Better than: Your average mass fatality.

There ought to be something lethal at the heart of a rock show, some hurts-so-good death drive that reminds you how glorious it is to live, to breathe, to dance. Karen O's "psycho rock opera" Stop The Virgens—playing at St. Ann's Warehouse through the weekend—takes that fatal impulse seriously. By the piece's end, 40 blood-spattered bodies litter the stage, victims of a sudden and violent plague. Lock up your daughters; post-punk can kill.

This mass demise and its ensuing resurrection are the closest this stylish, vacant show comes to narrative, frustrating the expectations of audience members who took seriously the idea that it would have the dramatic heft of an opera. O and co-creator KK Barrett create a world part Brothers Grimm and part Henry Darger, with a dash of Village of the Damned, but they haven't borrowed any of the plots.

As the crowd files through a somewhat vaginal corridor haunted by shadowy figures, a low growling can be heard. In the main space, near a circular, womb-like stage, two women described as sentinels (one of them played by the indie mainstay Lili Taylor) stand still, wearing outfits that look inspired by both the garb worn by medieval nuns and blueberries.

Then a scrim falls away and O, wearing a black wig and "chic abominable snowman" attire, begins to sing. (During the show, she also dresses up like a water nymph, a levitating mother goddess, and Little Red Riding Hood; bonus points to anyone who can explain the molting purple unitard.) As she croons, an assembly of Virgens—all wearing platinum wigs—cluster around her. On the sides of the stage, 30 more young women, also in blond wigs and choir-robe minidresses, provide vocal backup.
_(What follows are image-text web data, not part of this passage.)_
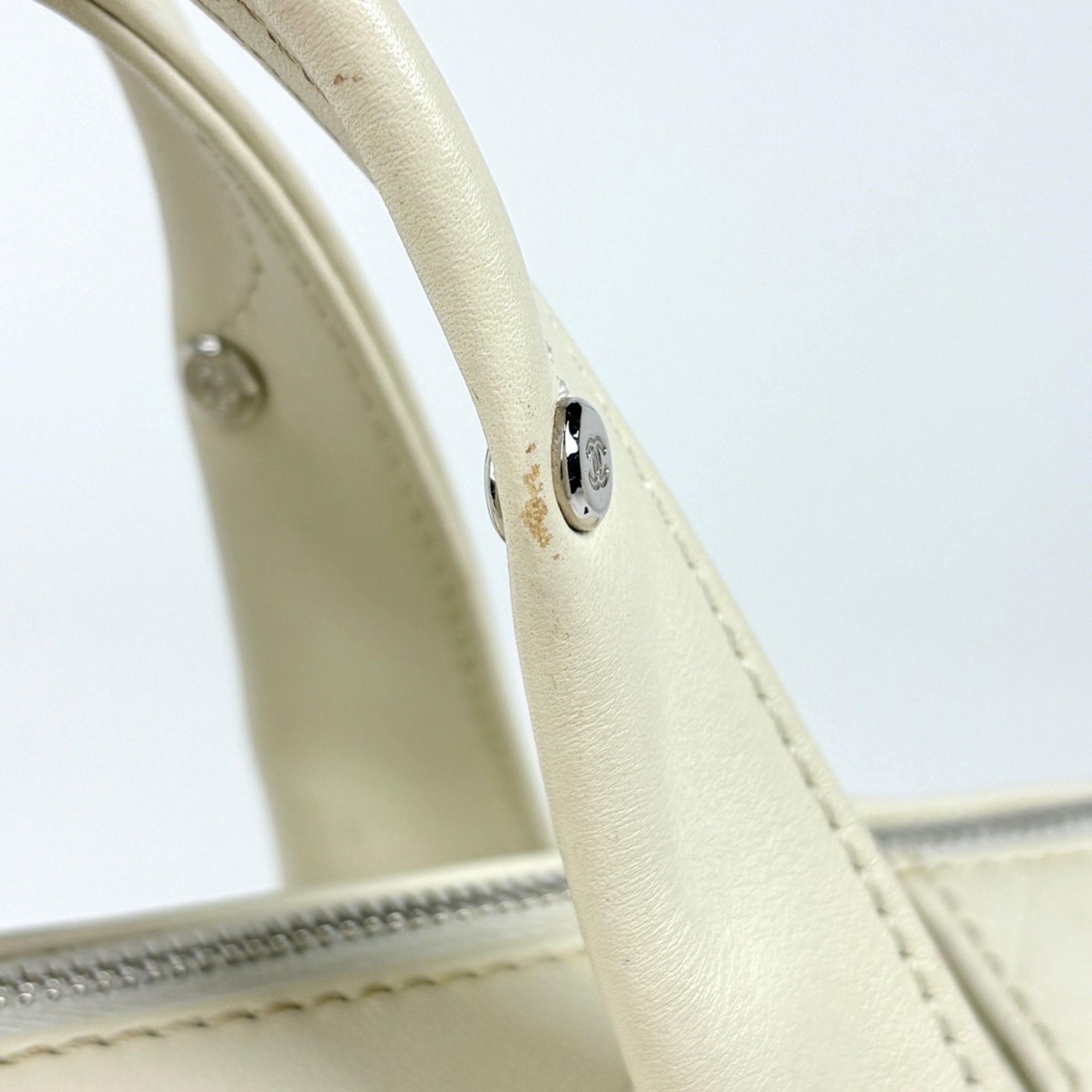 Leather Handbag (Pre-Owned) - Chanel - Modalova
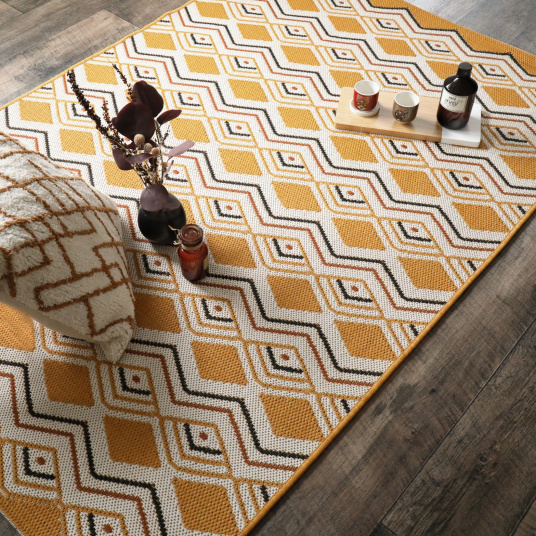 Tapis d'extérieur ou de salon - Motifs graphiques - Jaune safran - Vue de loin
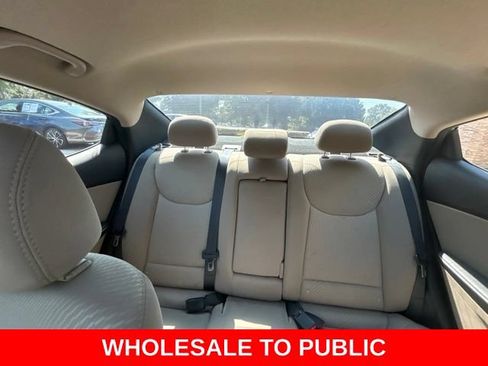 Used 2016 Hyundai Elantra Value Edition FWD image 28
The music ranges from lullabies to love songs to electropop piffle, but nearly all of it is aggressively lacking in content, save some violent imagery ("We'll cut it out of your throat") and the occasional goose for the dirty-minded. They might be about anything or nothing. If O and director Adam Rapp do have a story arc in mind, they don't share it with the audience. Would it have killed someone to write a libretto, or to have O interact with the other people onstage?

Still, she's a pleasure to listen to, with a voice always smoother and sweeter than you expect, a dark amber syrup with just a hint of grit. She's a forceful, seductive singer, and the internal stillness to her stance benefits her in the context of a traditional rock show. But in these performance-art surroundings, she just seems stiff. And no matter what emotion she's projecting—desire, fear, tranquility—her face doesn't alter; she instead lets her costumes and coifs do the acting for her. Only at the show's end, off script and introducing the band, does she seem to enjoy herself.

The audience enjoyed it, but in a polite and amused way. And there is much to enjoy—the microphone shaped like a claw, the occasionally baroque orchestrations (courtesy of music directors Sam Spiegel and Nick Zinner, aided by the City Strings), the wickedly rococo visuals. But where Stop The Virgens should be wild and anarchic, it seems rehearsed, unyielding, and hollow. You wish those Virgens would lose it already.

Critical bias: I saw the Yeah Yeah Yeahs a few times in the early '00s, but I haven't listened to their recorded output post-Fever to Tell.

Overheard: A Virgen sighing to her boyfriend post-show, "I wasn't so pleased with my death tonight."

Random notebook dump: Rock goddess innovator or fashion-plate poseur? Only her hairdresser knows for sure.